Could be an interesting story, but this version of it is paywalled.
That’s really my mistake, I didn’t even notice (I use “Bypass Paywalls Clean” extension). Can a moderator change the link to https://www.washingtonpost.com/technology/2025/02/07/apple-encryption-backdoor-uk/ which is the primary source anyway?
FYI Washington Post is also a fully paywalled site.
Sideshow_bob_rakes.gif
https://arstechnica.com/tech-policy/2025/02/uk-demands-apple-break-encryption-to-allow-govt-spying-worldwide-reports-say/
Apple give the Chinese government access, why not the UK?
The problem is UK goverment wants more than UK customers. They want wiretapping access to all Apple customers worldwide.
The sun never sets on the UK’s appetite for data collection.
Even if they just wanted to violate the privacy of their own citizens, the right answer is still “no”.
This is about the same event as https://lobste.rs/s/07jh0c/uk_demands_apple_break_encryption_allow but different source and commentary
Maybe this is a dumb question, but… a passcode? Like, a short-ish digit sequence, a PIN? Because that doesn’t have nearly enough entropy to make a good key for a remote backup. I understand recent iDevices have fancy thumbprint and face ID stuff, so maybe they are using that instead?
Disclaimer: I’m not totally sure this is accurate. But I’m like, 90% sure, both from what I already know and from reading this article.
The backup (and other assets) are not literally encrypted with the PIN. If you give the PIN to Apple, they still cannot retrieve your information. Instead, your device purges all the relevant encryption keys from Apple’s HSMs, and then does a key rotation. Meaning that the only place where the active (randomly-generated, high-entropy) encryption keys are is on your device(s).
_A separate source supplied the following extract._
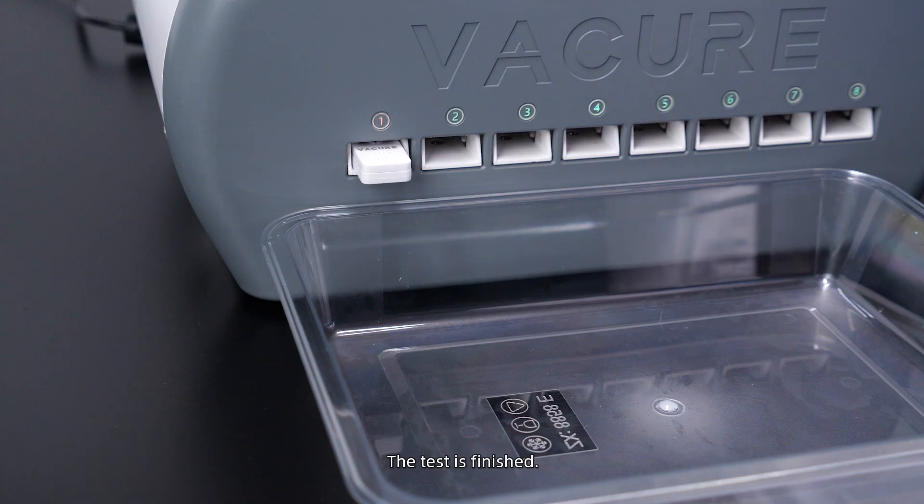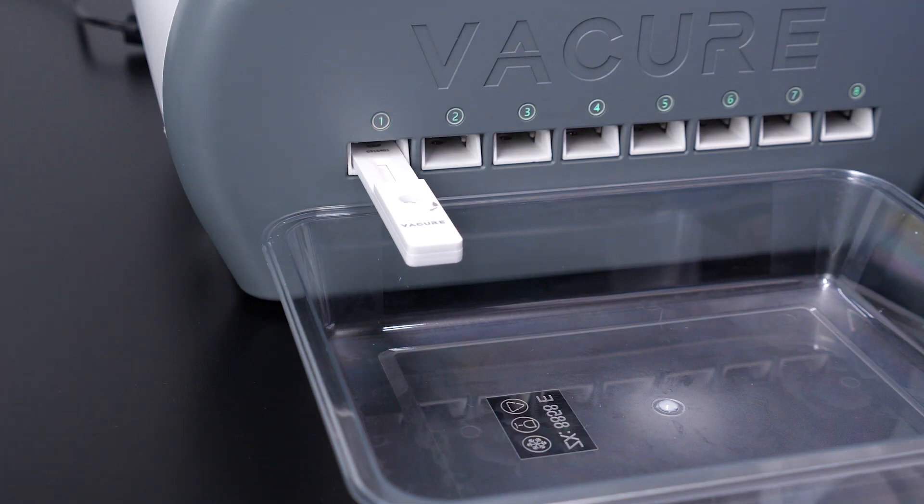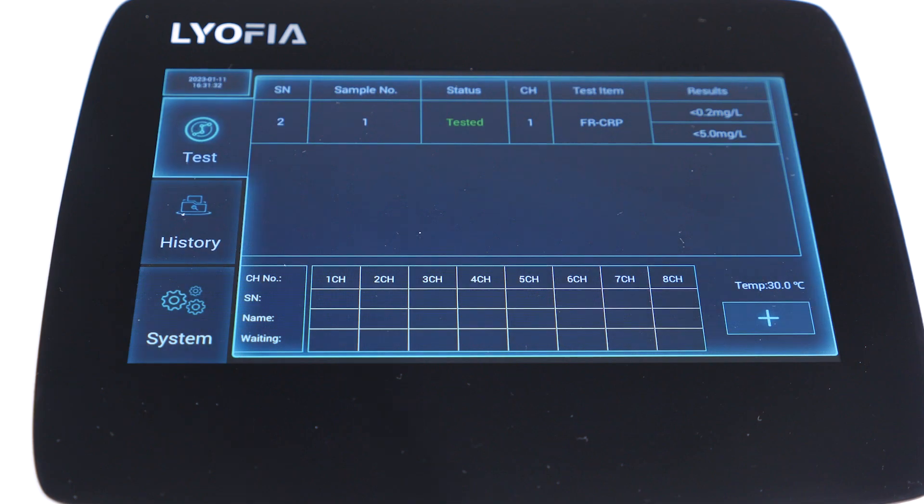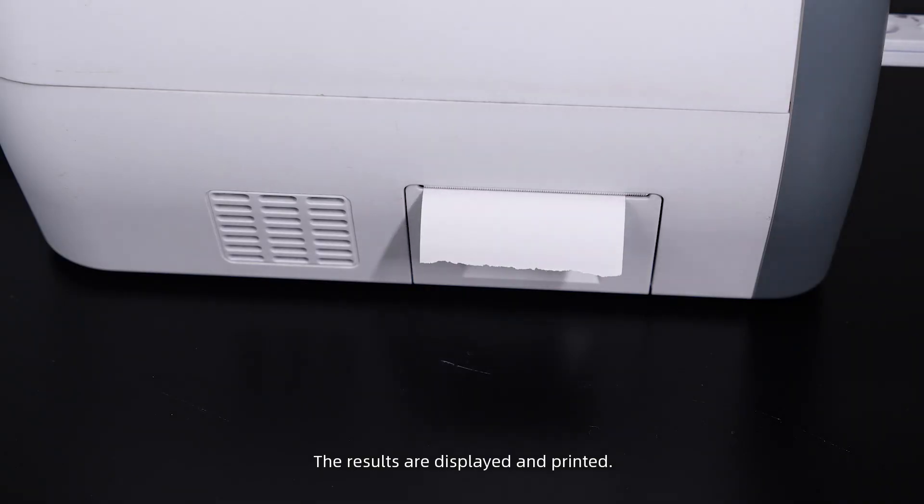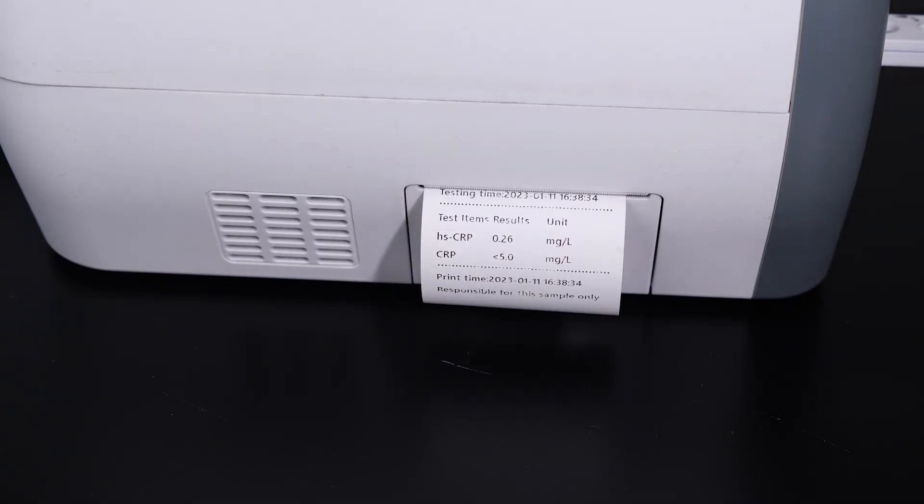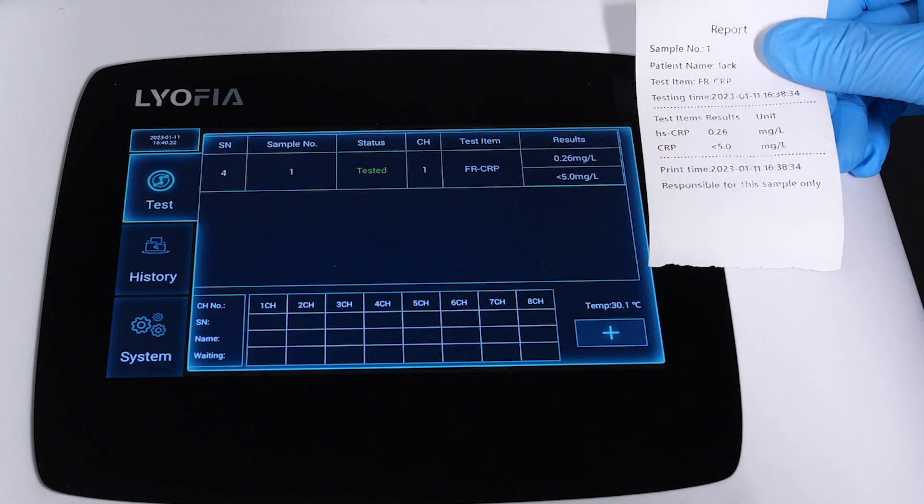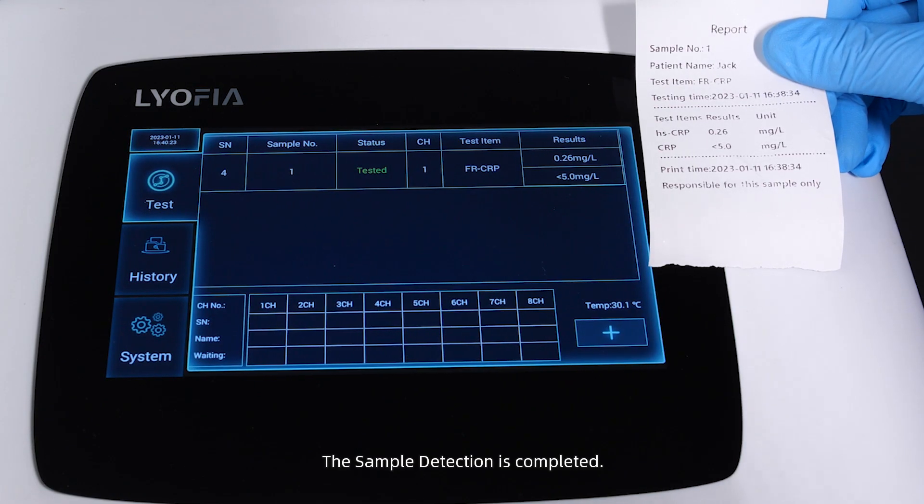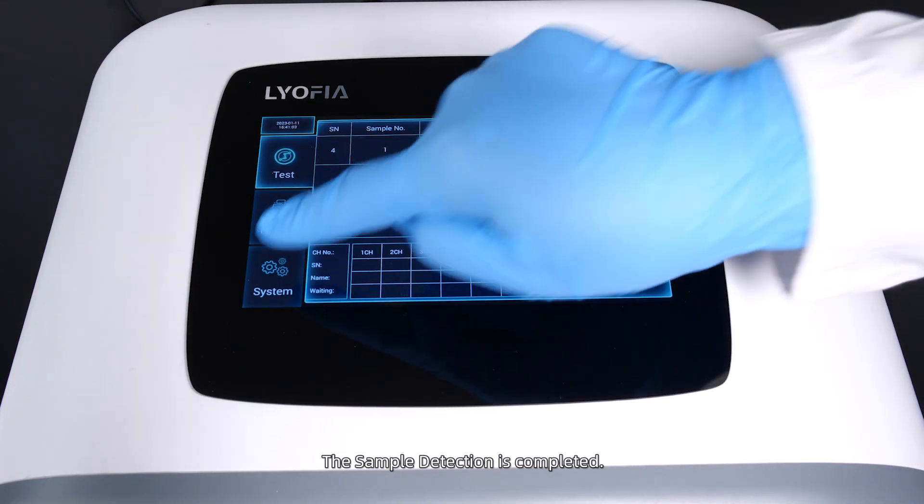The test is finished. The results are displayed and printed. The sample detection is completed.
The passcode comes in because these encryption keys are protected by the Secure Enclave, which enforces rate-limiting on the passcode (the passcode or biometric authentication are required to release the encryption keys for use).
Thank you, that makes much better sense. So when the secret police come for my ADP encrypted backup, they’ll have to just beat the PIN out of me the old fashioned way. (j/k, I don’t use any of this stuff, never trusted Apple!)
Doesn’t the secret police beating secrets out of you apply regardless of what products you do or do not you?
Of course. Quite possible they’ll even beat me if I don’t actually have any secrets; maybe I’m just a fall guy or something.
But that doesn’t scale nearly as well as just being able to issue a secret subpoena and log into some backdoor portal.